Brian Kiteley

Response & Bio

Question 9. Cultural critic Michael Benedikt suggests that "there is probably a shorter distance from the unconscious to the prose poem, than from the unconscious to most poems in verse." In what ways do you think this is true?

This is certainly true in my experience. I write what I call postcard stories, literally on the backs on the postal service's blank postcards. I assign myself a problem or a topic or a sentence or two from another writer. I let the story germinate in my mind for a few days or sometimes weeks. The process allows my unconscious to do a great deal of work. This is not what the Surrealists had in mind, but a new and different way of telling stories—something I'm always looking for—usually comes to me by this method.
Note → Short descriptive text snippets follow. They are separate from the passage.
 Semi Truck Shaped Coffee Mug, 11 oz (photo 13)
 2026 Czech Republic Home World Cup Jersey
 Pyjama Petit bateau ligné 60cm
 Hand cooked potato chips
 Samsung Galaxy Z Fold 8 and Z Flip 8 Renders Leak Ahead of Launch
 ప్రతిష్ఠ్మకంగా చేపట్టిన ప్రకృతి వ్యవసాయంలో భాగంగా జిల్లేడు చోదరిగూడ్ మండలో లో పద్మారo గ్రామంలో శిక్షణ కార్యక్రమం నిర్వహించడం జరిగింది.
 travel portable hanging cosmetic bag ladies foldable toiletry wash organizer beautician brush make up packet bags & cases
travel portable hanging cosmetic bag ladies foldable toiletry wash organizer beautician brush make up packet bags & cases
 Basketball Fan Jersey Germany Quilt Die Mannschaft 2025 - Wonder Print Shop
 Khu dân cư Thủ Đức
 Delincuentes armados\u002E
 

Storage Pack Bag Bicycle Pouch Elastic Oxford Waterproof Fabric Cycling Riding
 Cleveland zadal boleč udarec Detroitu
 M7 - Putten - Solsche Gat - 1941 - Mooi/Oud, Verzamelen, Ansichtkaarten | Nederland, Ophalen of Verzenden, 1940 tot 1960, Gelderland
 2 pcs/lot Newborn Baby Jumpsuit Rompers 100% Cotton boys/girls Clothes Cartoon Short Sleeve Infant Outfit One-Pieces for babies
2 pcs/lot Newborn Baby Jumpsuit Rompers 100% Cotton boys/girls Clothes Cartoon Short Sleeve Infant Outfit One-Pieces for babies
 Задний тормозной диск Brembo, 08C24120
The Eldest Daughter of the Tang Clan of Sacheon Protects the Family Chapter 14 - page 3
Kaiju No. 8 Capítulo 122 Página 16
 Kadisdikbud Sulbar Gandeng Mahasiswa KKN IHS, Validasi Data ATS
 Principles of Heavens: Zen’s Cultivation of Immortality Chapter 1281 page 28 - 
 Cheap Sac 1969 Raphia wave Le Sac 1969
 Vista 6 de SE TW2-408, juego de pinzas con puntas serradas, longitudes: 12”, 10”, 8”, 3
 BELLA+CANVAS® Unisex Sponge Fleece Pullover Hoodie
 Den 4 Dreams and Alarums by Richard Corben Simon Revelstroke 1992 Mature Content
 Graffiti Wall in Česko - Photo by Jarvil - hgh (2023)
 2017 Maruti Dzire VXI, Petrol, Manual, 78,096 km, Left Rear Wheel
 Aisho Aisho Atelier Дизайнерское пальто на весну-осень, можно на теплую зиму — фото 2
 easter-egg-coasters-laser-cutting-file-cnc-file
I also use the addressee of the postcard to create an intimate audience for the story, and I can see when the story is about to end—it has to end on a postcard. I revise these stories a great deal after they've been dropped in the mailbox, but the essence of this experience of restraint, prodding the unconscious, and addressing a story to an actual person remains in the final draft.

BIO

Brian Kiteley is the author of Still Life with Insects and I Know Many Songs, But I Cannot Sing. He has also recently finished two books, one of fiction exercises, Sleight of Hand; and a novel, The River Gods. He has received Guggenheim and Whiting fellowships. He teaches at the University of Denver.